**WORK TASK**
Here the job is to retype the data word for word while leaving the pictures aside.

**Recorded data**
★ ★ ★ ★ ★ ★ ★

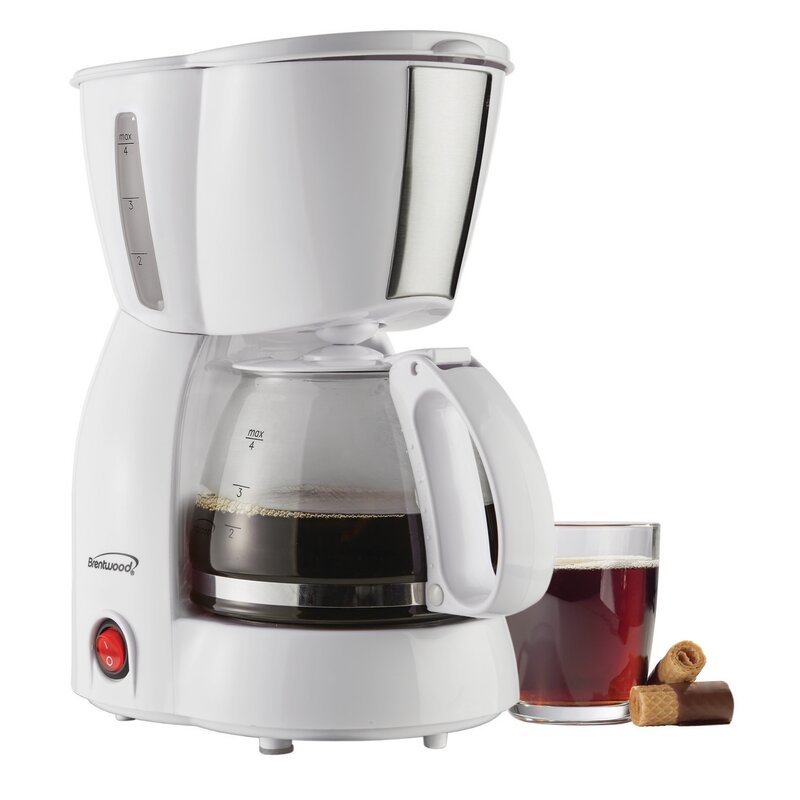 4 Cups Brentwood Coffee Maker Cafeteria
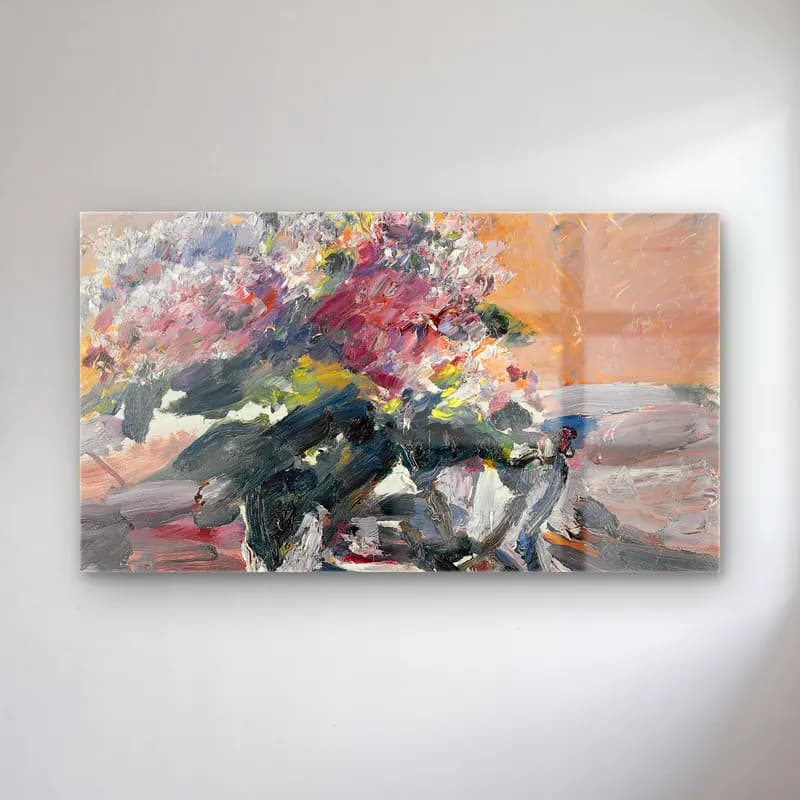 Lovis Corinth – Flieder Im Glaskrug (Lilac In A Glass Jug) cam tablo — Lovis Corinth – Flieder Im Glaskrug (Lilac In A Glass Jug) — empresyonist atlı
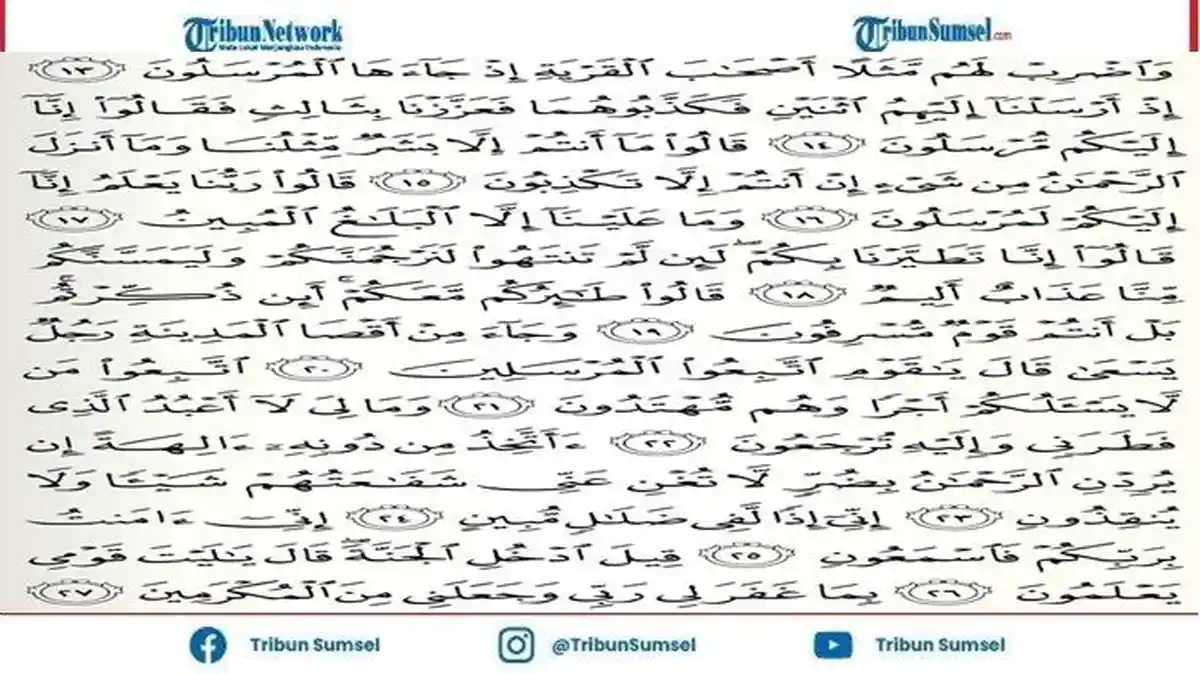 Surat Yasin 1-83 Ayat Lengkap Arab, Latin dan Arti, Dibaca Yasin Lewat HP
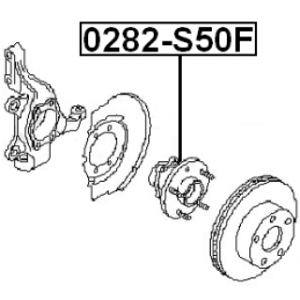Wheel Hub - FEBEST 0282S50F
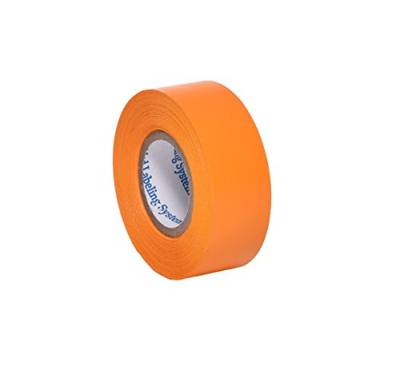 Camlab 1151393 Kennzeichnungsband, 1,9 cm breit, 12,7 m lang, orange von Camlab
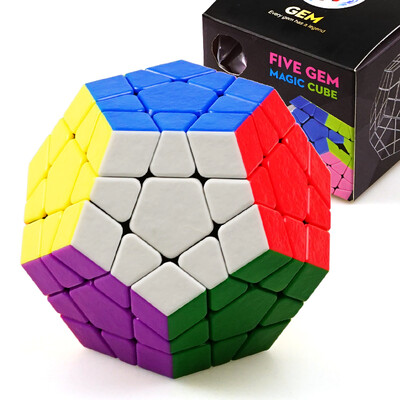 

Sacred Hand Gems Five Rubiks Cube Professional Competition Alien Three-Oriented Early Learning Enlighten Smooth Rubiks Cube No Fading Skid Game Dedicated Send Tutorial Cheat Color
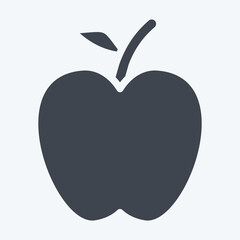 Icon Apple. related to Fruits And Vegetables symbol. glyph style. editable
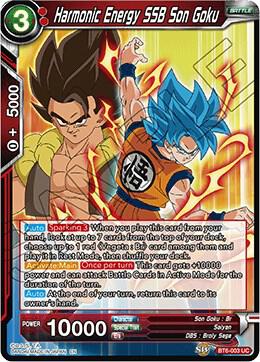 Harmonic Energy SSB Son Goku BT6-003 card from Destroyer Kings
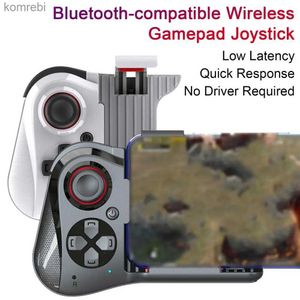 Spelkontroller Joysticks Bluetooth Wireless Mobile Game Controller Gaming Gamepad för Android iOS Cell Phone PUBG L24312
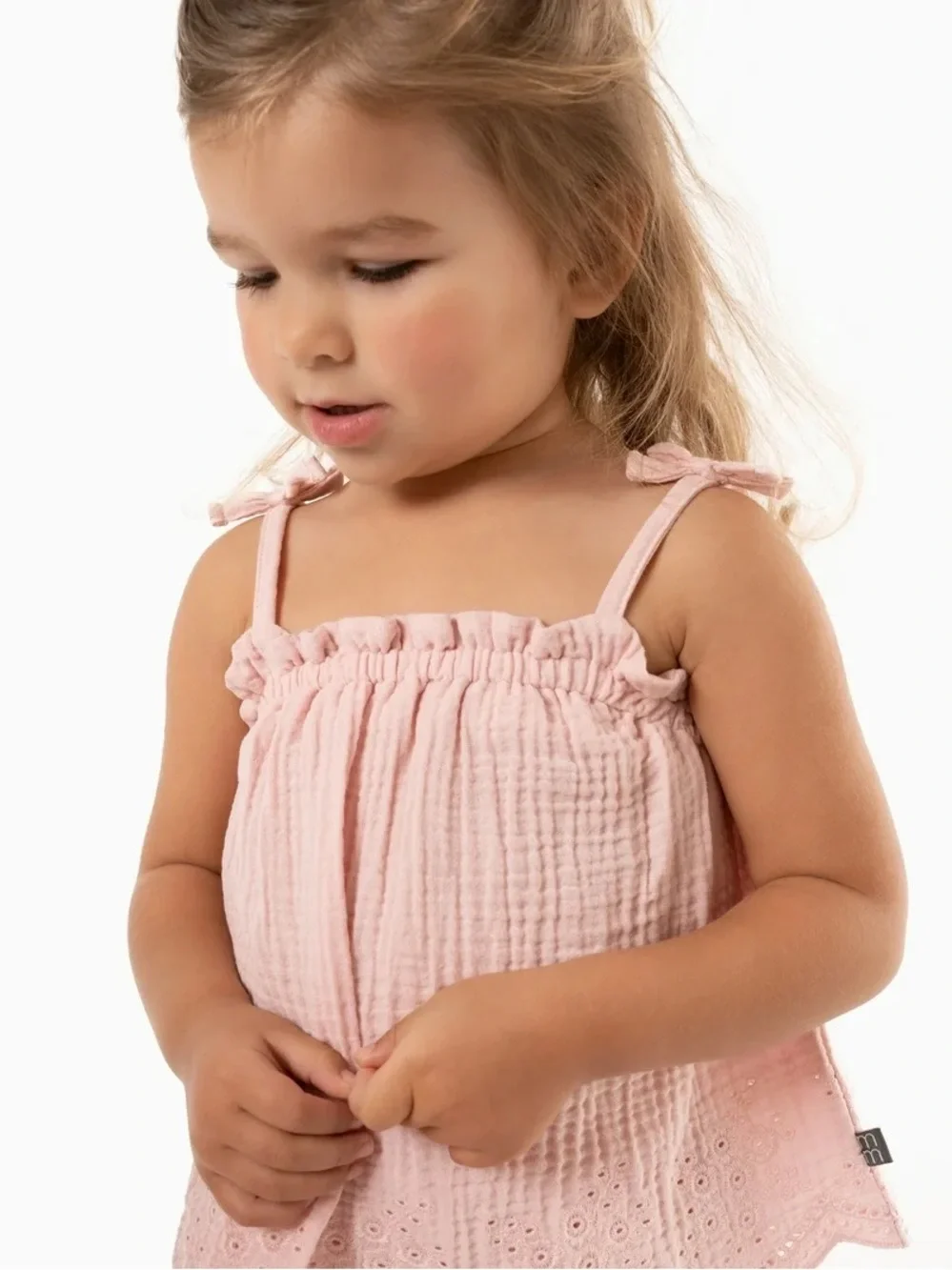 NWOT Modern Moments By Gerber Toddler Girl Casual Cotton Gauze Outfit Set, 4T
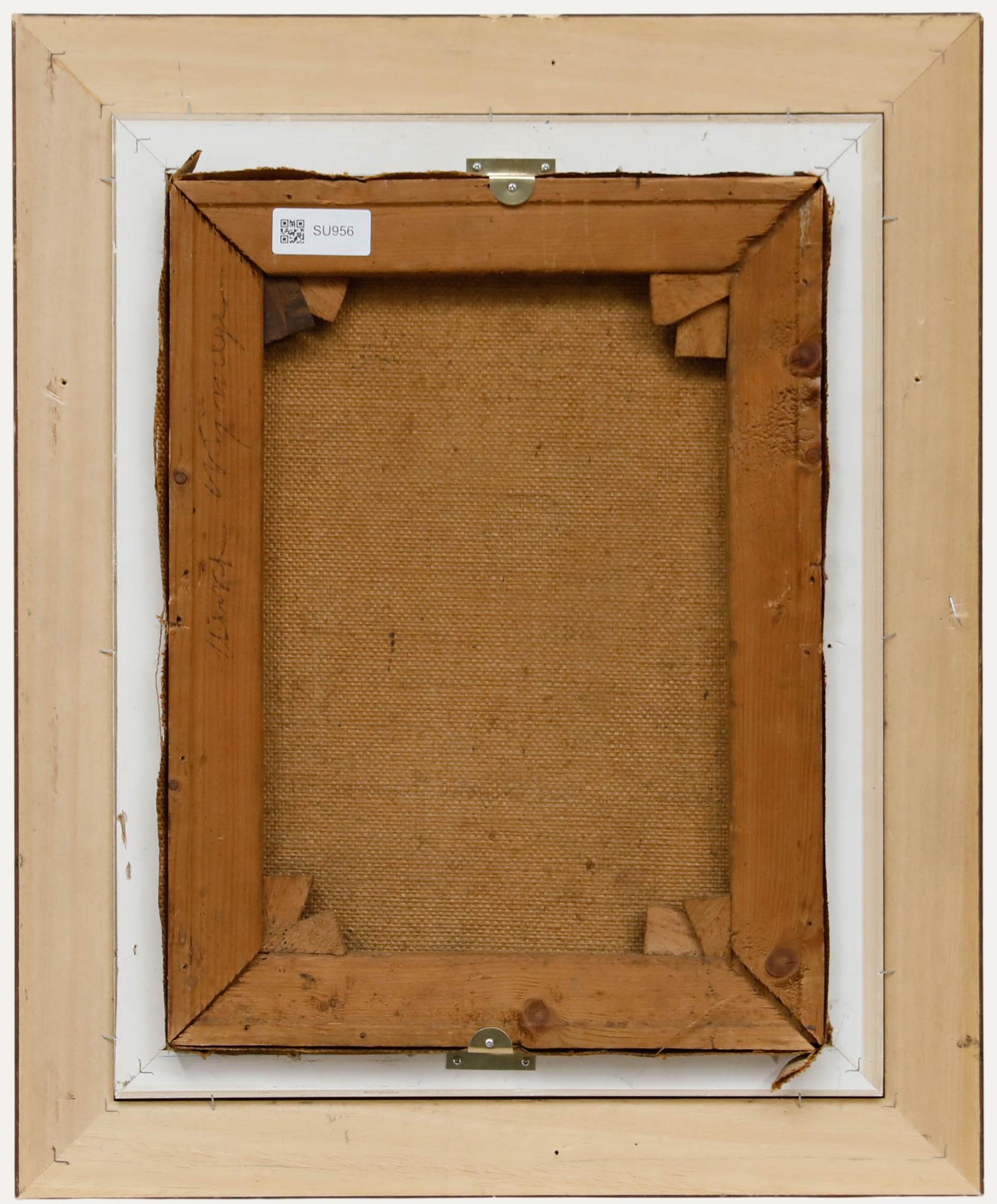 Öl aus dem frühen 20. Jahrhundert - Saint Stephen's Church (Schwarz), Landscape Painting, von Unknown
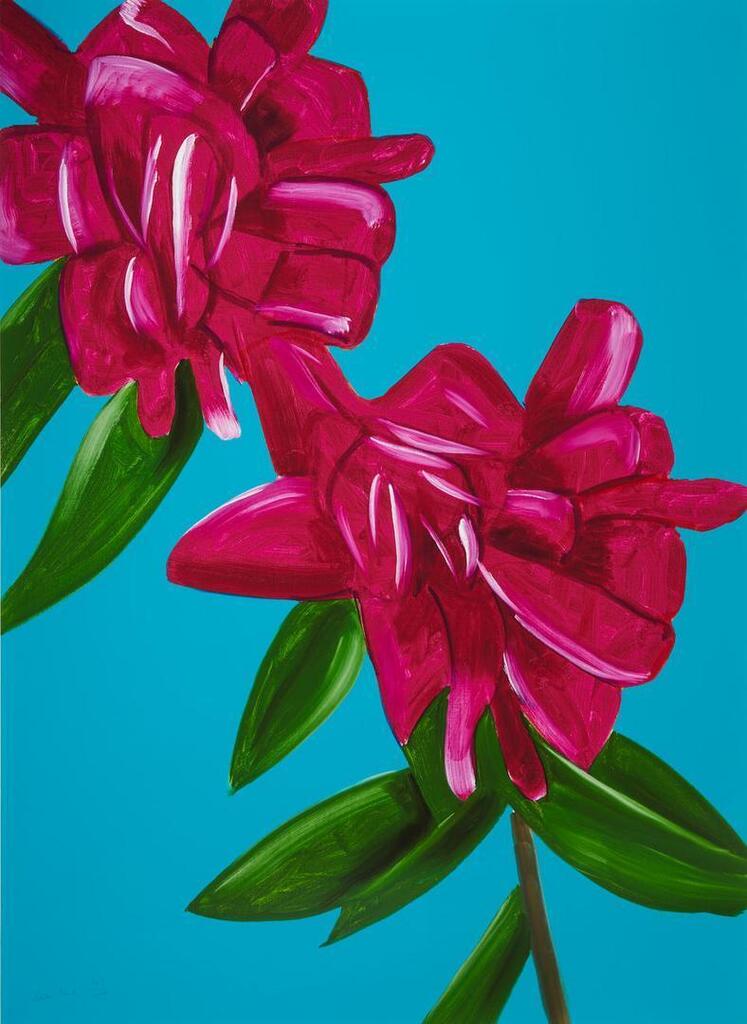 Alex Katz - Peonies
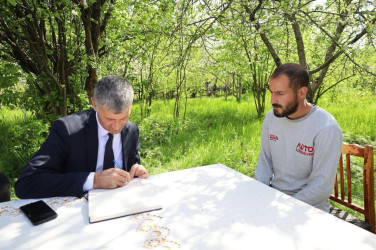 Vətəndaşlarla növbəti səyyar qəbul-görüşümüzü rayonun Çayqovuşan kəndində keçirdik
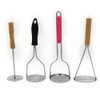 Potato Masher Stainless Steel Non-Slip Handle Multifunctional Fruit Vegetable Kitchen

★ ★ ★ ★ ★ ★ ★

**RESULT OF THIS EXERCISE**
 4 Cups Brentwood Coffee Maker Cafeteria
 Lovis Corinth – Flieder Im Glaskrug (Lilac In A Glass Jug) cam tablo — Lovis Corinth – Flieder Im Glaskrug (Lilac In A Glass Jug) — empresyonist atlı
 Surat Yasin 1-83 Ayat Lengkap Arab, Latin dan Arti, Dibaca Yasin Lewat HP
Wheel Hub - FEBEST 0282S50F
 Camlab 1151393 Kennzeichnungsband, 1,9 cm breit, 12,7 m lang, orange von Camlab

Sacred Hand Gems Five Rubiks Cube Professional Competition Alien Three-Oriented Early Learning Enlighten Smooth Rubiks Cube No Fading Skid Game Dedicated Send Tutorial Cheat Color
 Icon Apple. related to Fruits And Vegetables symbol. glyph style. editable
 Harmonic Energy SSB Son Goku BT6-003 card from Destroyer Kings
 Spelkontroller Joysticks Bluetooth Wireless Mobile Game Controller Gaming Gamepad för Android iOS Cell Phone PUBG L24312
 NWOT Modern Moments By Gerber Toddler Girl Casual Cotton Gauze Outfit Set, 4T
 Öl aus dem frühen 20. Jahrhundert - Saint Stephen's Church (Schwarz), Landscape Painting, von Unknown
 Alex Katz - Peonies
 Vətəndaşlarla növbəti səyyar qəbul-görüşümüzü rayonun Çayqovuşan kəndində keçirdik
 Potato Masher Stainless Steel Non-Slip Handle Multifunctional Fruit Vegetable Kitchen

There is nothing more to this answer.